An Italian court has granted The Italian Sea Group creditor protection on a temporary basis, as per its request. The same protection extends to the Group’s parent company and Celi, its interior-fabrications company.
According to a press release from The Italian Sea Group, the Court of Florence approved the measures on April 20. They are retroactive to the date of filing, March 16, for a maximum of four months.
The court ruling bars creditors from taking a variety of actions. They cannot receive priority to acquire shares in or the entirety of the Group without the parent company’s permission, for example. They also cannot initiate and/or enforce asset seizures or account freezes. This same protection extends to superyachts currently in The Italian Sea Group’s yards. (The Italian Sea Group builds yachts under the brands Admiral, Tecnomar, Perini Navi, and Picchiotti. It further owns NCA, a refit and repair company.) Forcing the Group into insolvency or bankruptcy liquidation is barred as well. Creditors additionally cannot refuse to honor existing contracts or change their terms in a way that would harm the Group. Finally, no one can revoke previously approved lines of credit if based only on The Italian Sea Group not meeting obligations preceding the protection enforcement date.
Notably, The Italian Sea Group creditor protection also involves owners with yachts in build. The court decision prevents them from canceling their contracts.

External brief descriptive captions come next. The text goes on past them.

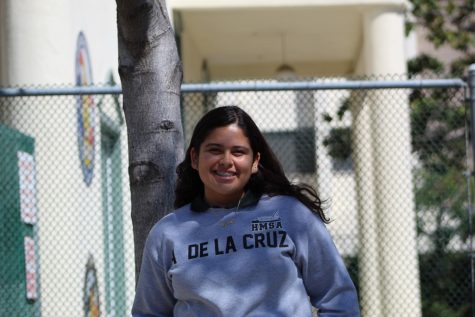 Photo of Alyssa De La Cruz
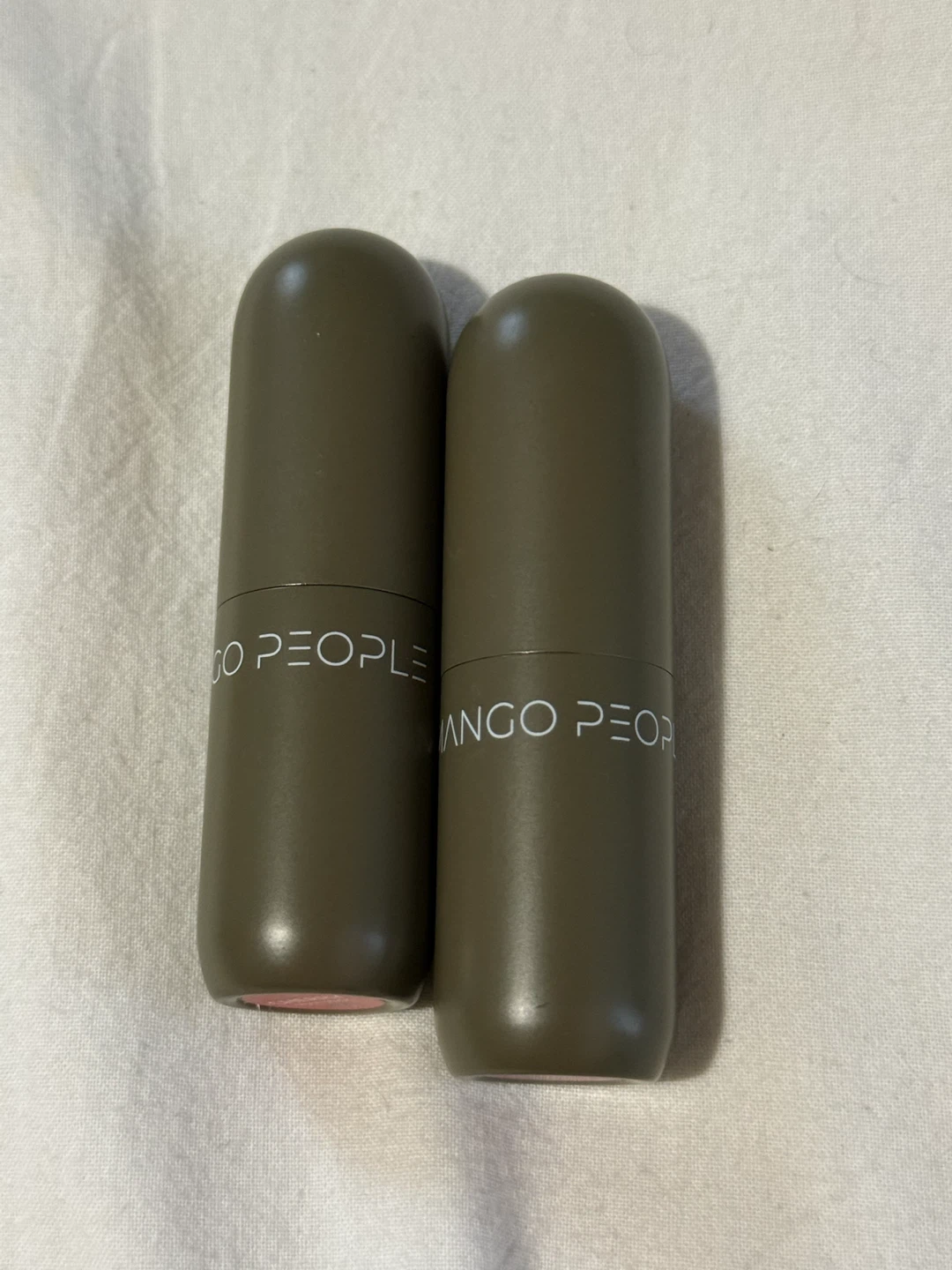 2 Mango People Multi-Sticks: Cherry and Sweet Berry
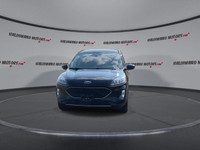 Engine: Turbo Gas 4cyl 2.0L L/100Km City: 10.5 L/100Km Hwy: 7.5 Safety Equipment ABS And Driveline T... (image 2)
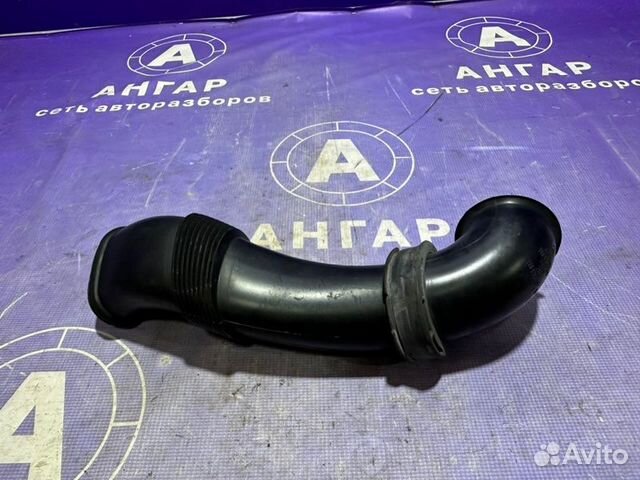 Воздушный патрубок Volkswagen Touareg 7L GP BPE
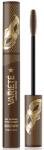 Eveline Cosmetics Rimel Variete Lashes Show Thickening & Lenghtening Brown, 10ml, Eveline Cosmetics
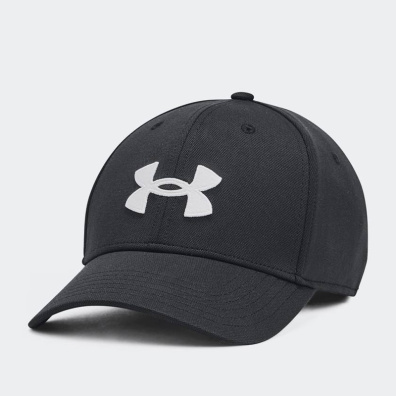 Καπέλο Under Armour 1376701-001 Μαύρο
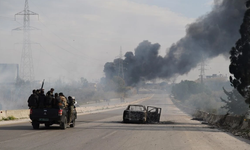 Eski rejim artıkları sahada: Amaç sükuneti sabote etmek!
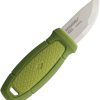 Mora Eldris Kit Green - Survival Bundle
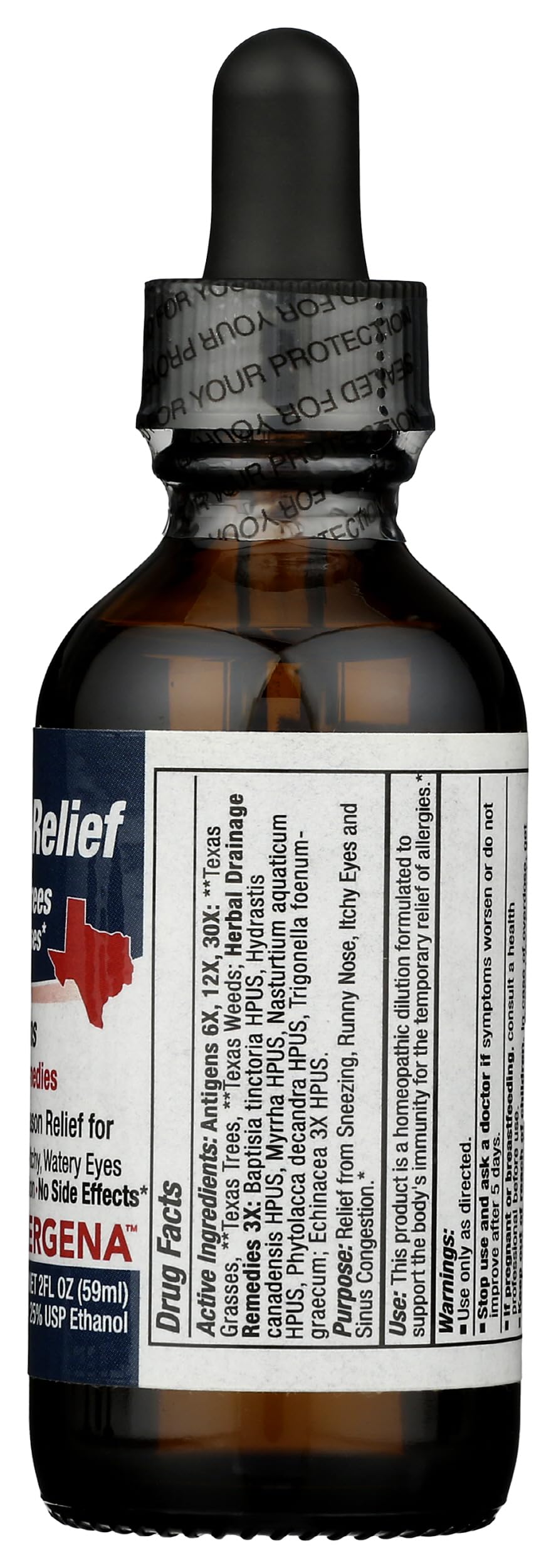 PROGENA Allergena Texas Trees (2 Fl Ounce)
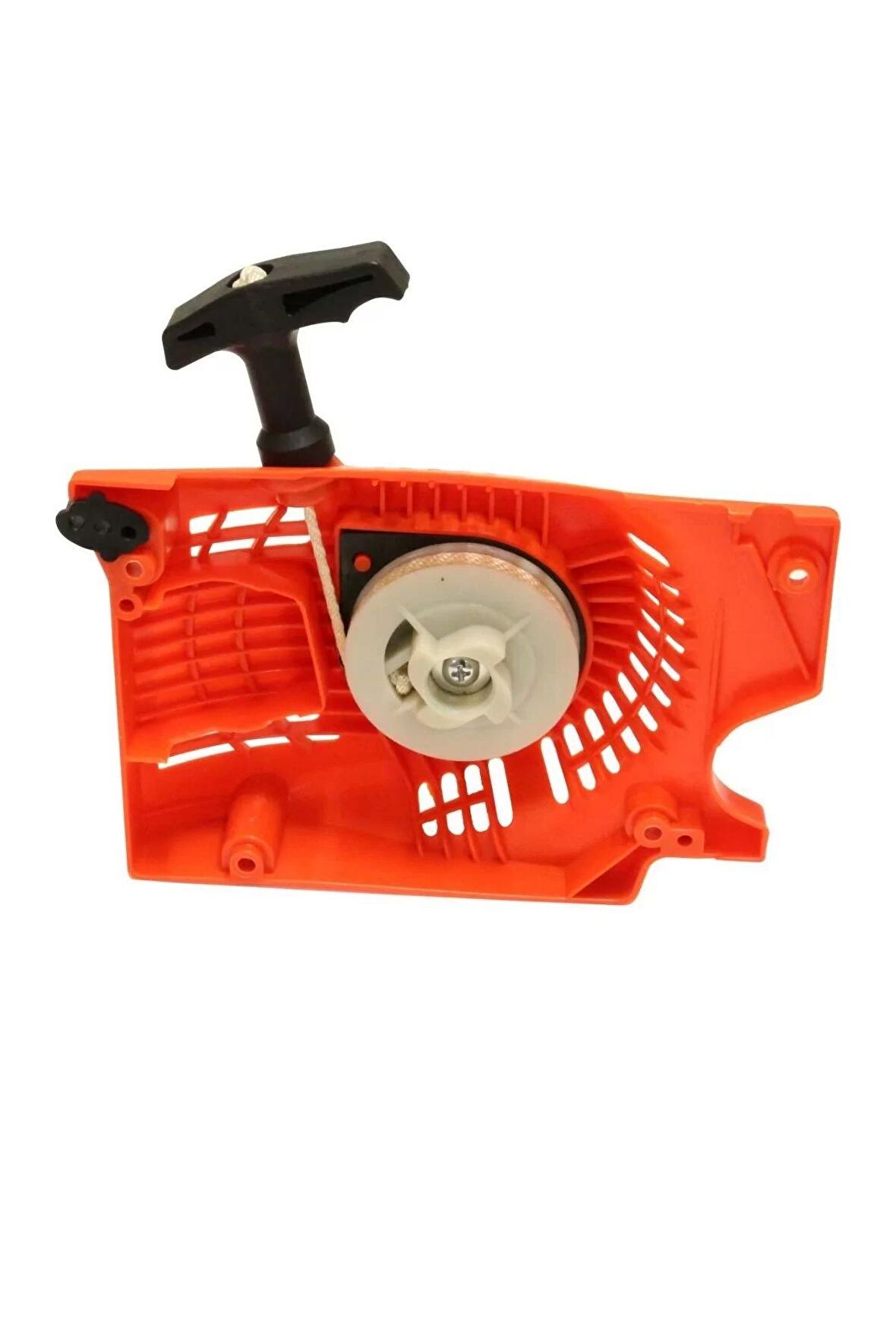 Muratti Starter Kapak Komple (Çin Testere 52Cc)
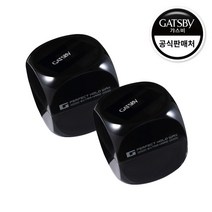 [갸스비] 퍼펙트 홀드 왁스 엑스트라 하드 60g 2개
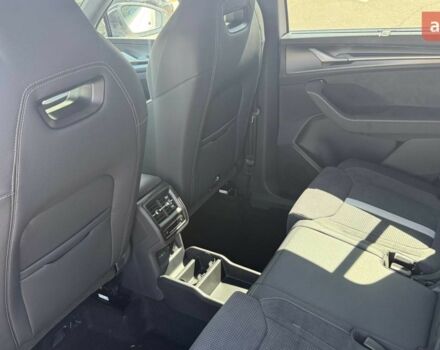 купить новое авто Шкода Kodiaq 2025 года от официального дилера Автотрейдiнг-Одеса Skoda Шкода фото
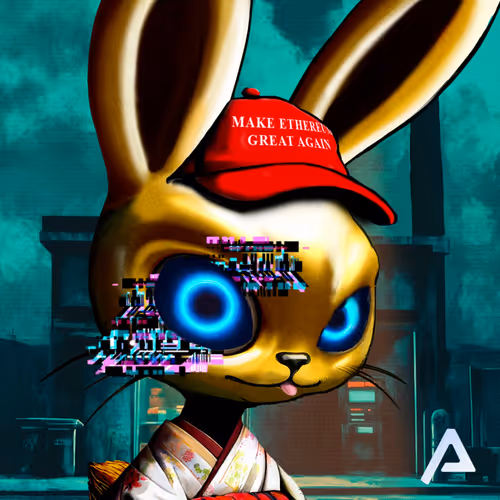 BUNNZ #2562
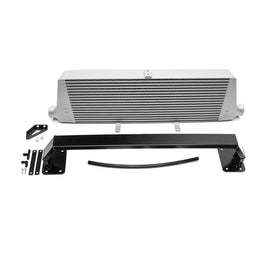 COBB Subaru Front Mount Intercooler Core Silver STI / WRX 2011-2014 (724502-SL)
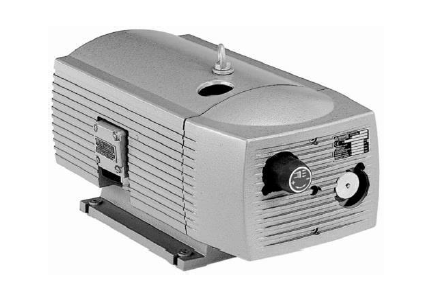 [BBVA VT 4.10 / 3 PHASE | G008220 | BECKER] BOMBA DE VACIO BECKER MOD. VT4.10 DE PALETAS ROTATIVAS SECA. CAPACIDAD: 10 / 12 M3/H, 150 MBAR ABSOLUTOS, VOLTAJE: 202-300 / 350-520 VOLT, 50 / 60 HZ, 0.37 / 0.45 KW | BECKER MODEL VT 4.10 ROTARY VANE VACUUM PUMP AND MOTOR. CAPACITY: 7.1 SCFM OPEN FLOW. MAXIMUM VACUUM: 25.4” HG. DESCRIPTION: OIL LESS ROTARY VANE VACUUM PUMP WITH CARBON VANES, BUILT-IN SUCTION FILTER, VACUUM REGULATING VALVE, AND INTEGRALLY FLANGED TO 0.6 HP, WIDE RANGE VOLTAGE, 3 PHASE, 60HZ: 202-300/350-520V, 50HZ: 175-260/300-450V TEFC MOTOR.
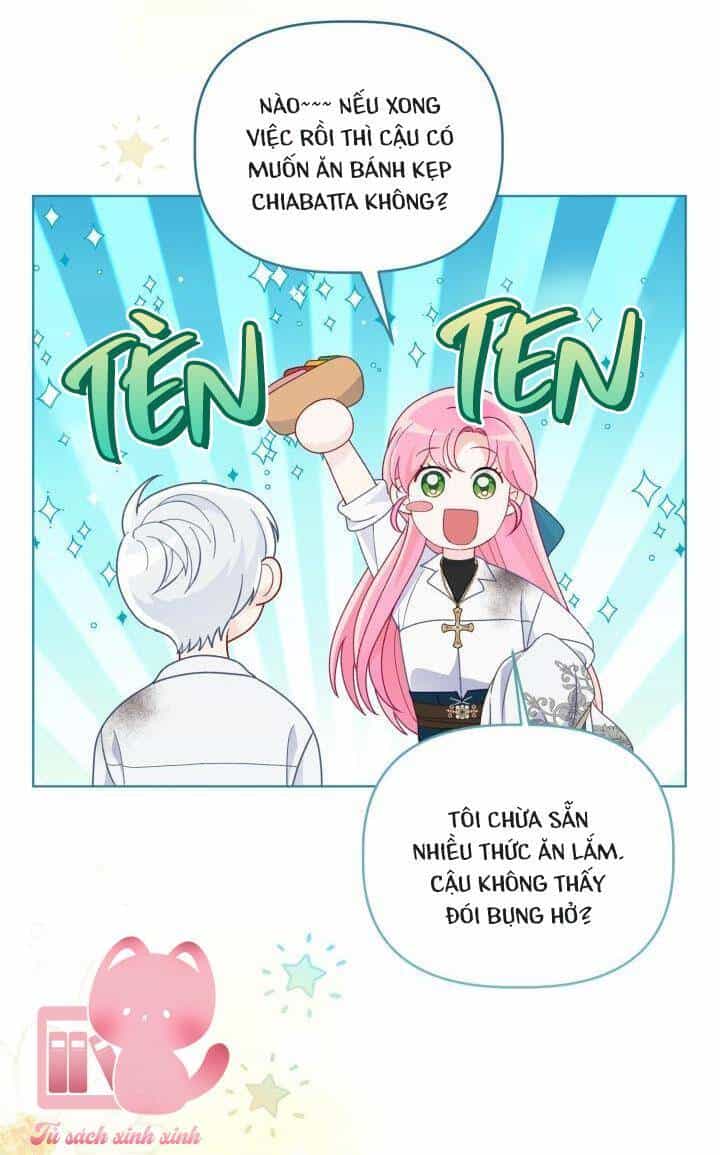 Sự Điều Trị Đặc Biệt Của Tinh Linh - Chương 60 - ảnh 55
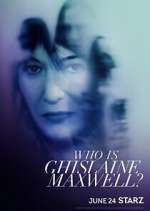 Watch Who Is Ghislaine Maxwell? Gomovies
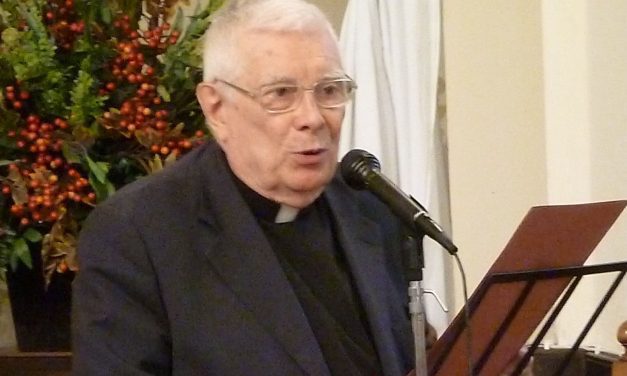 LUTTO NEL CLERO PIACENTINO: E’ MORTO MONS. DOMENICO PONZINI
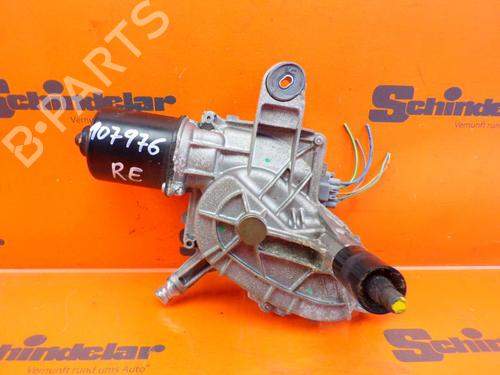 Viskermotor vindrude CITROËN C4 Grand Picasso I (UA_) 1.6 HDi (109 hp) 32662420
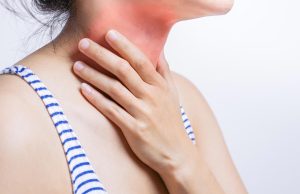 Дознајте повеќе за нарушувањата на тироидната жлезда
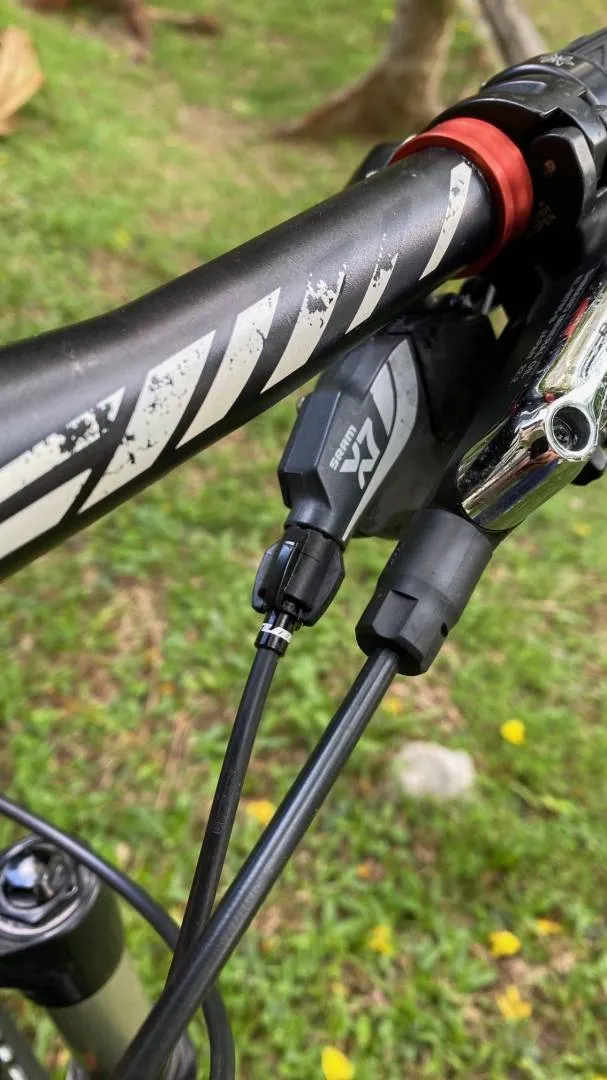 Specialized Stumpjumper HT COMP ALU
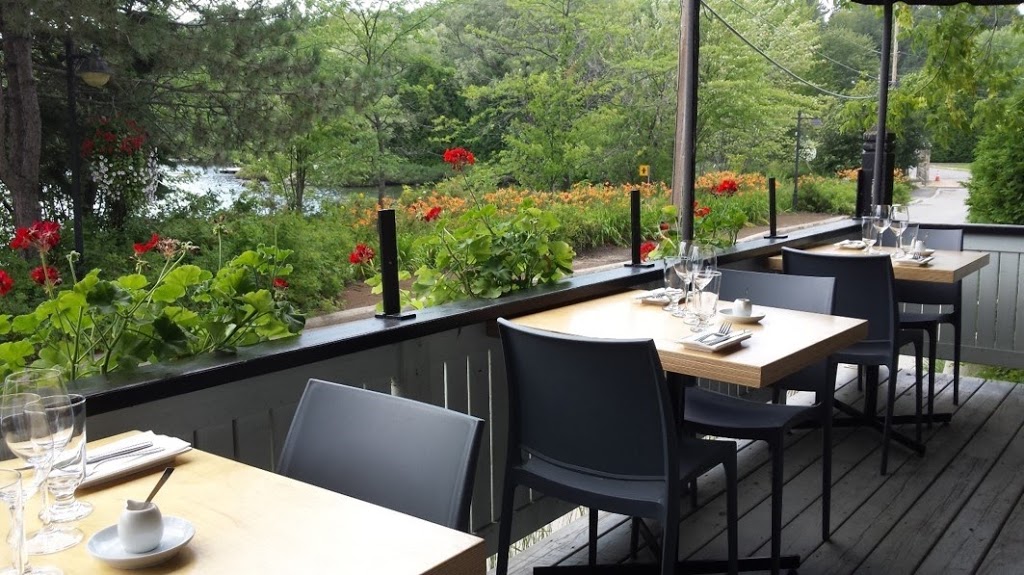 Adèle Bistro | 1241 Chemin du Chantecler, Sainte-Adèle, QC J8B 2Y3, Canada | Phone: (450) 229-4894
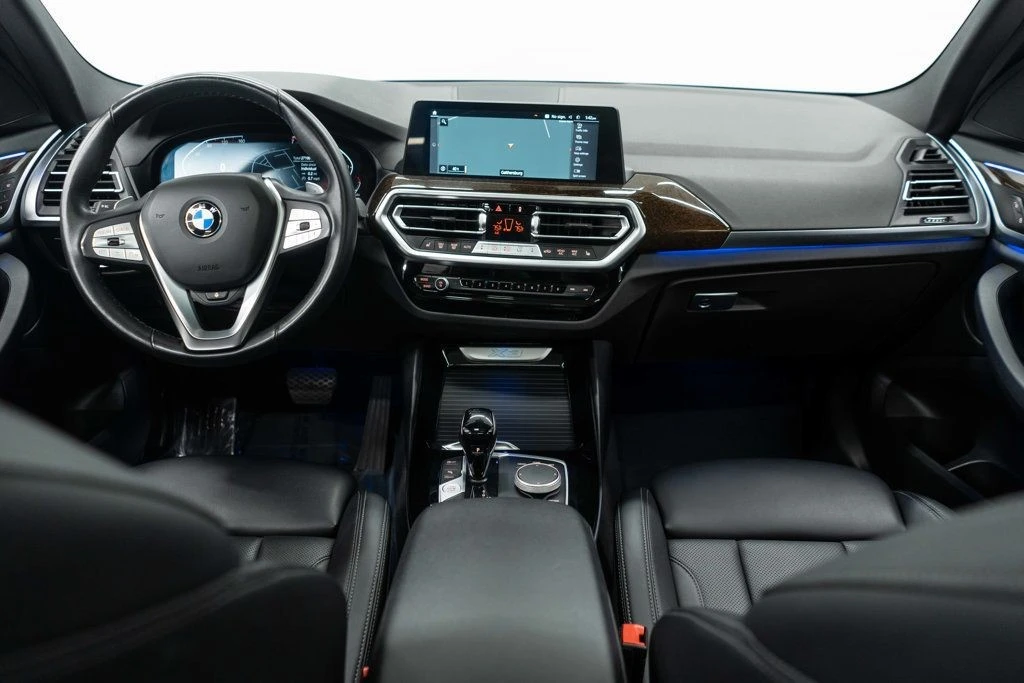 2023 BMW G01 X3 - Image 10 of 12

The request for creditor protection follows the company voluntarily entering a process to reorganize and restructure its creditor obligations. The Group discovered financial irregularities, publicly revealing them in March. It filed a criminal complaint shortly thereafter, claiming senior executives colluded to provide CEO Giovanni Costantino with false information regarding cash flow, order budgets, and bank statements. Budget overruns impacting most megayachts under construction were discovered in February.
Related to this, GC Holding, The Italian Sea Group’s parent company, loaned the Group €25 million (about $29 million) to stabilize finances. The auditing firm KPMG is in the midst of a forensic accounting analysis to determine responsibility for the financial irregularities and the exact amount of budget overruns. Its findings are due by early May.
Activities related to management and yacht construction reportedly remain on their regular schedules.